More often it’s gushing out twice that fast, more like a bathtub faucet at full blast.
But walk past the place where the spring flows out of the ground, and you won’t even hear a trickle.
That’s because for the past 100 years or so, the spring has been forced into underground pipes to use elsewhere.
It was originally used as a watering source for the earliest settlers. The first military expeditions that came though in the 1850s, first recorded use of using the spring. When the homestead was developed was probably when it was first channeled and put to beneficial use for cattle, irrigation for crops.
Shannon Clark is retired from the Coconino National Forest, where he worked as a facilities engineer.
Part of his job was to oversee all the drinking water systems in the forest.
Leroux Springs came under his watch because its water is piped these days to the nearby headquarters of the hotshot firefighters.
Since retiring, Clark has teamed up with Steve Monroe, an eco-hydrologist.
Together, they regularly hike up to the spring to measure the flow.
The technique is simple: one guy fills a hand-held bucket, and other guy uses a stopwatch to see how long it takes.
Monroe says the spring responds vigorously to changes in precipitation higher up the mountain, but it’s always producing.

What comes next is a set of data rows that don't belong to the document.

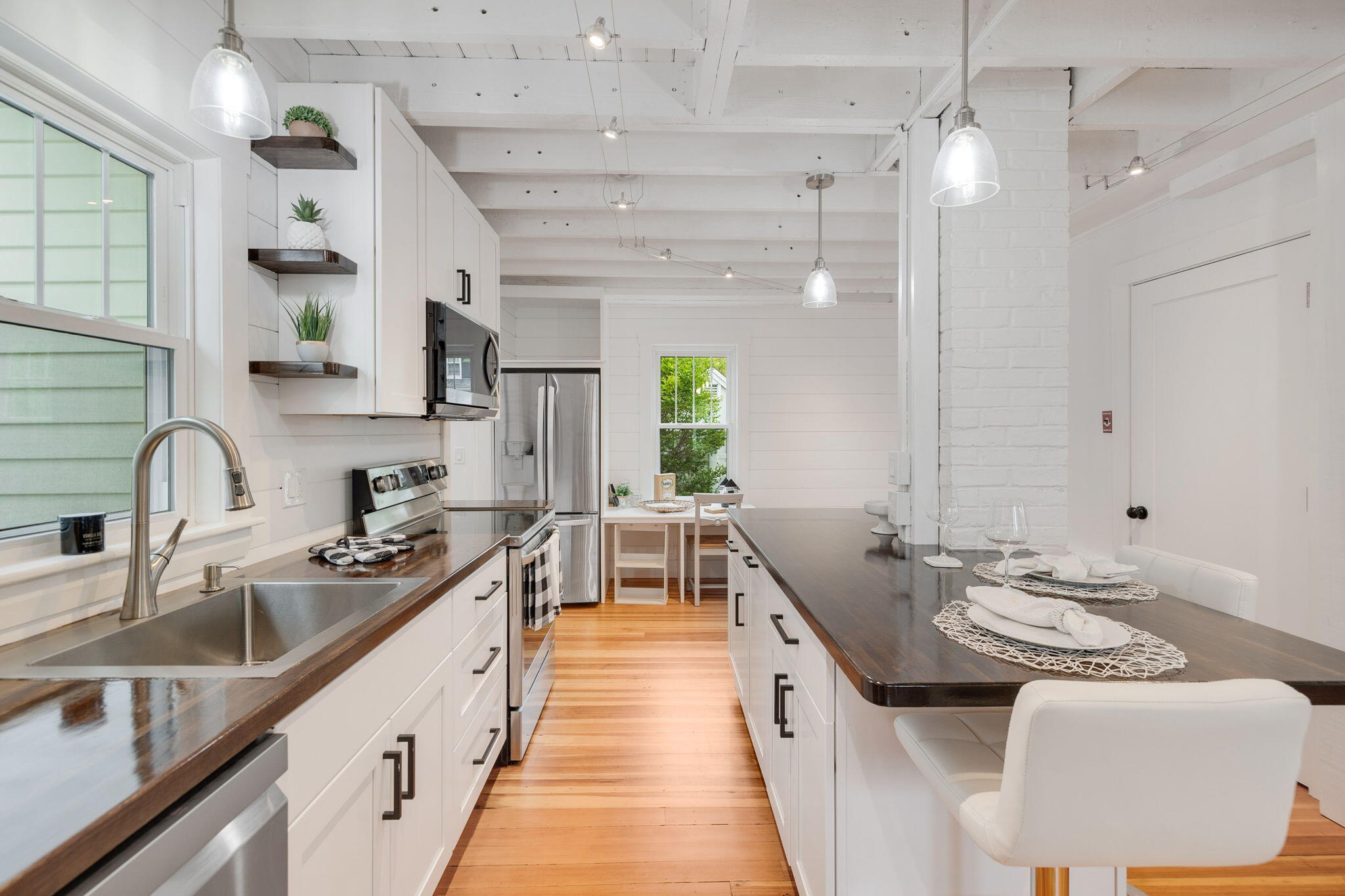 12 Dartmouth Street Barnstable MA 02601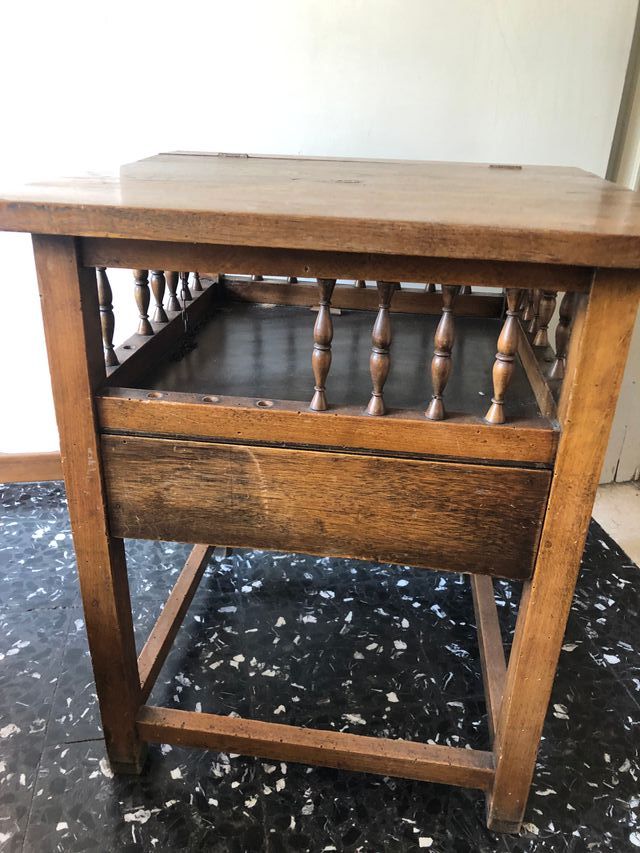 Tavolino in legno con specchio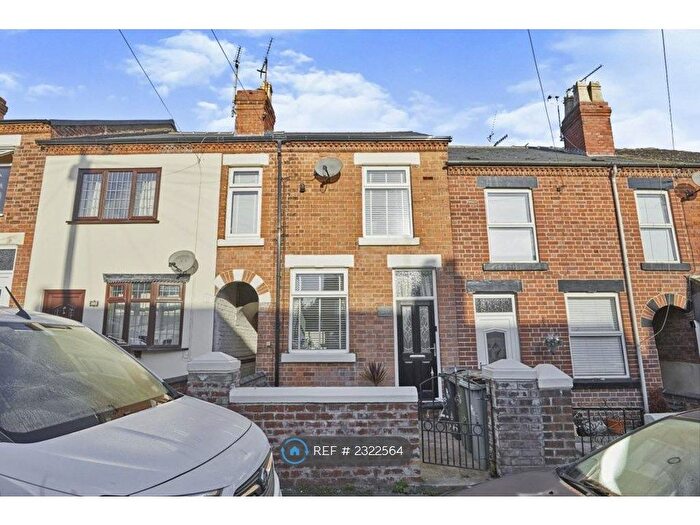 3 Bedroom Terraced House To Rent In Howitt Street, Heanor, DE75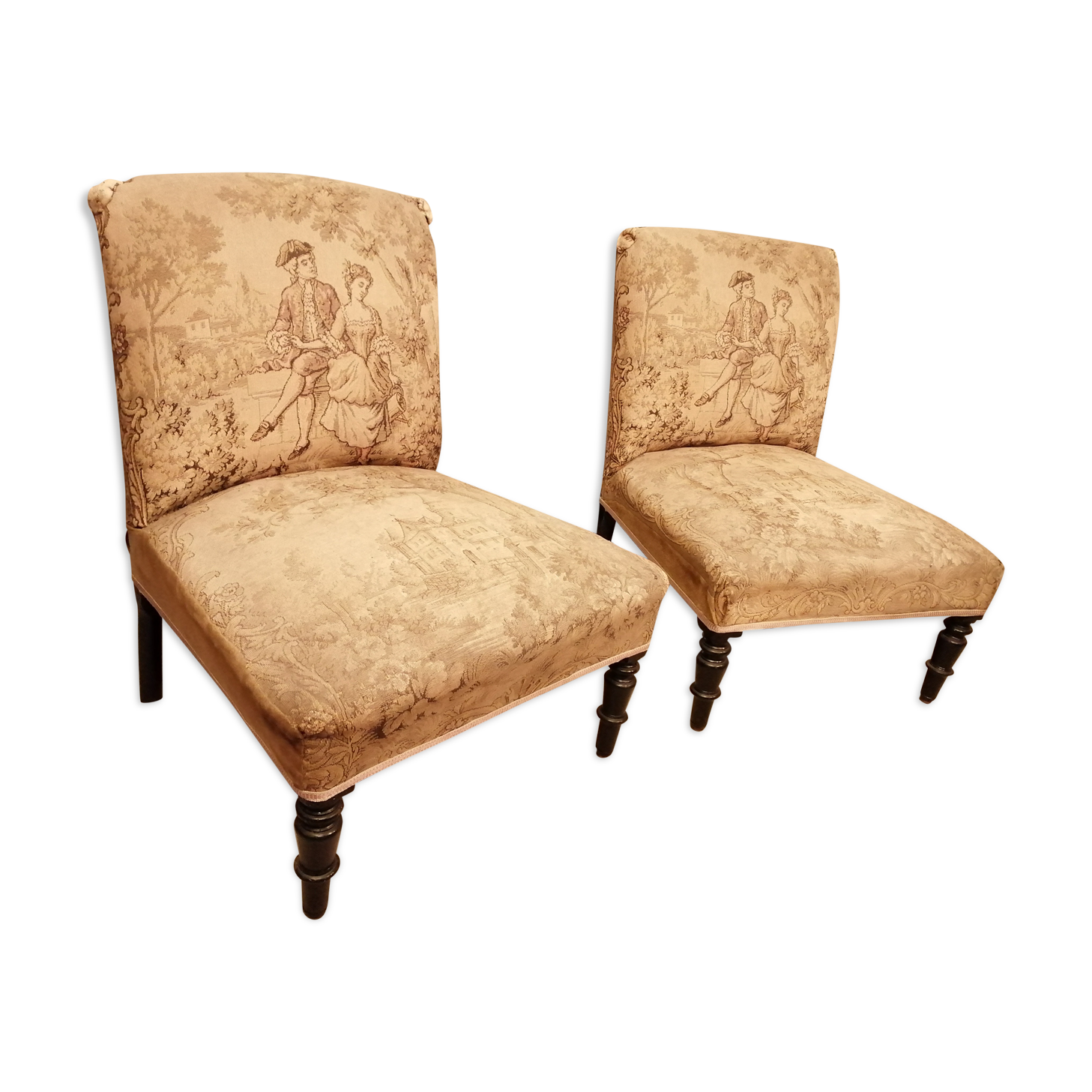 Pair of armchair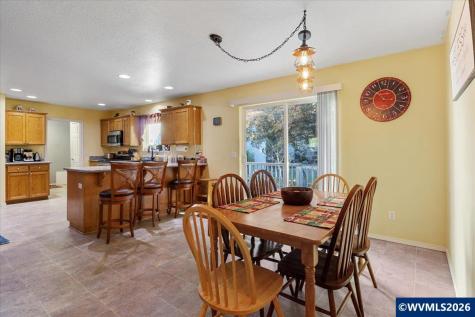 5624 Treehouse Road Monmouth OR 97361
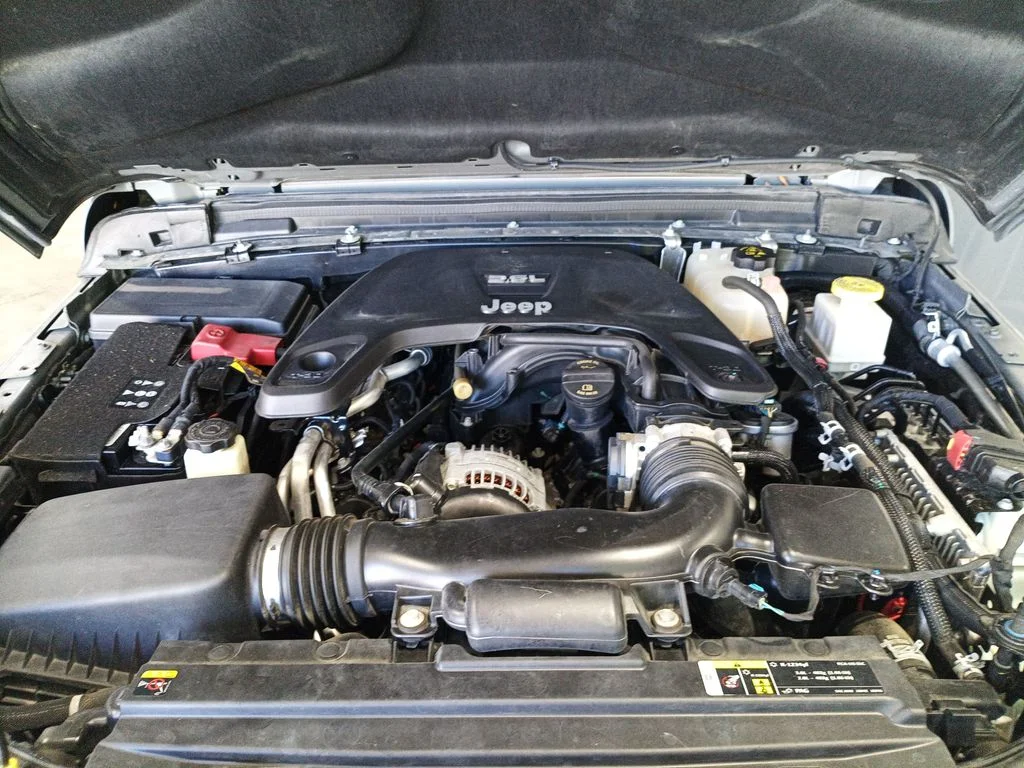 Used 2020 Gray Jeep Mojave image 21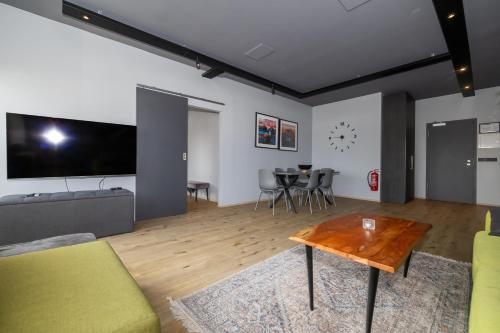 Oddeyrin Apartment | LL Properties - TB24 The Signature Loft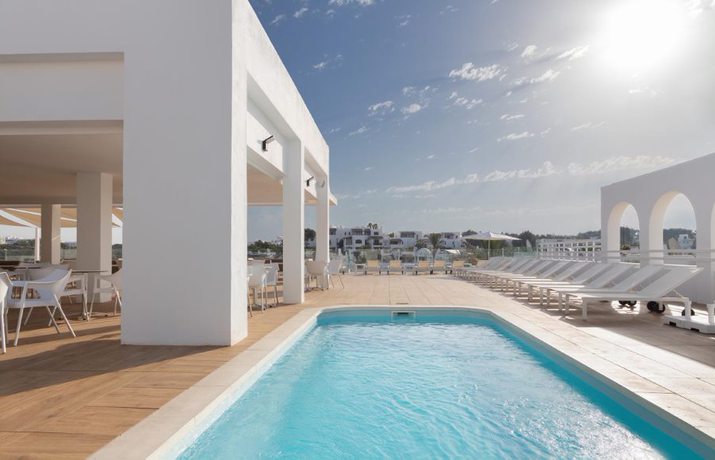 Imagen de la piscina del Hotel Palia Puerto del Sol. Foto 44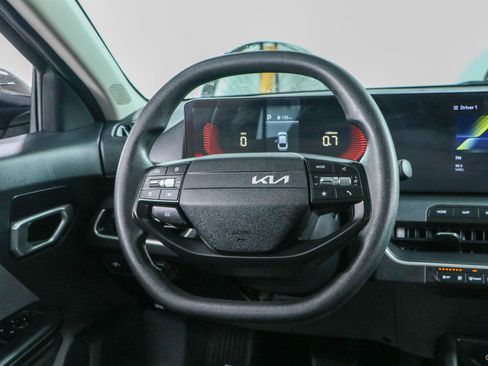 Used 2025 Kia K4 FWD image 12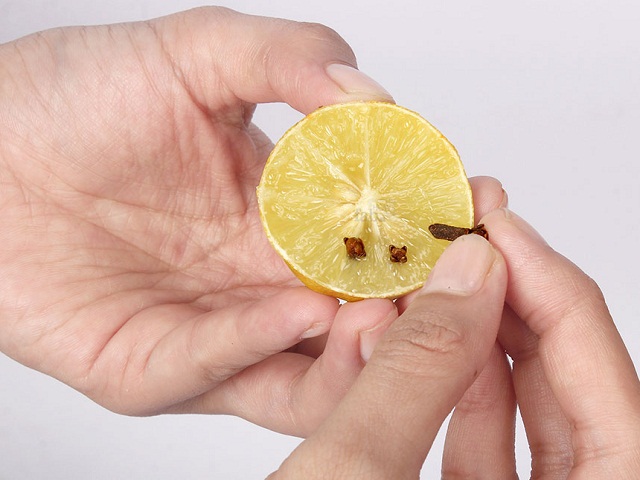 Mẹo rẻ bèo đuổi ngay cả đàn muỗi trong nhà chỉ với một quả chanh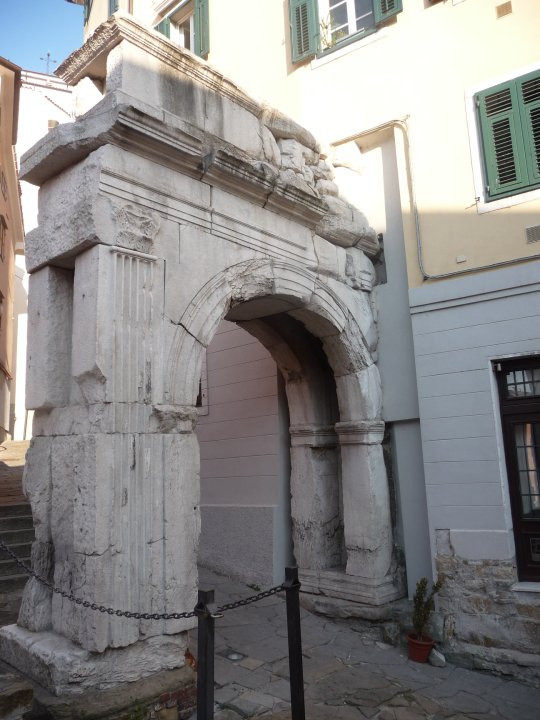 Arco di Riccardo-的里雅斯特必去景点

“What we’ve seen is that the spring flow fluctuates during the year and from about 10 to even less, sometimes 5 or 6 gallons per minute as 30 or even sometimes 40 gallons per minute in some of the wetter years," Monroe said.
Even at its lowest level, there’s plenty of water to supply a large storage tank and a stock pond at the hotshot headquarters.
Records have shown that on highest use days, the hot shots are only taking about 7 percent of the spring’s flow.
And that gave Monroe and some local activists an idea.
“With that recognition, the Friends of the Rio group began talking with the Forest Service, and we learned that the Forest Service was in the process of developing an urban interface fuels reduction project, and they were interested in considering including the restoration of Big Leroux Spring in that project," he said.
The project is the Wing Mountain forest restoration project.
Primarily, it will remove small-diameter trees that increase the risk of wildfire.
But since it deals with projects on the surrounding forest, it seemed a fine opportunity to propose another action: twisting a valve at Leroux Spring.
That simple motion would mean that some of the water from Leroux Spring will go to the hot shots, and the rest will flow freely once again.
A draft of the Wing Mountain project will be out for public review this summer, and it could be approved within a year’s time.
Monroe says if the Forest Service gives the green light for restoration at Leroux Spring, it will be an experiment in the truest sense.
“We’re not really sure what will happen if water is released here, because it’s been diverted or controlled for 100 years or more and there’s really no surface flow at this time," Monroe said. "There’s no records of what kind of vegetation or plant/animal species that might have lived here before.”
That also means it could emerge as one of the cheapest restoration projects in history, at least at first.
All they’ll have to do is twist a valve and see what happens.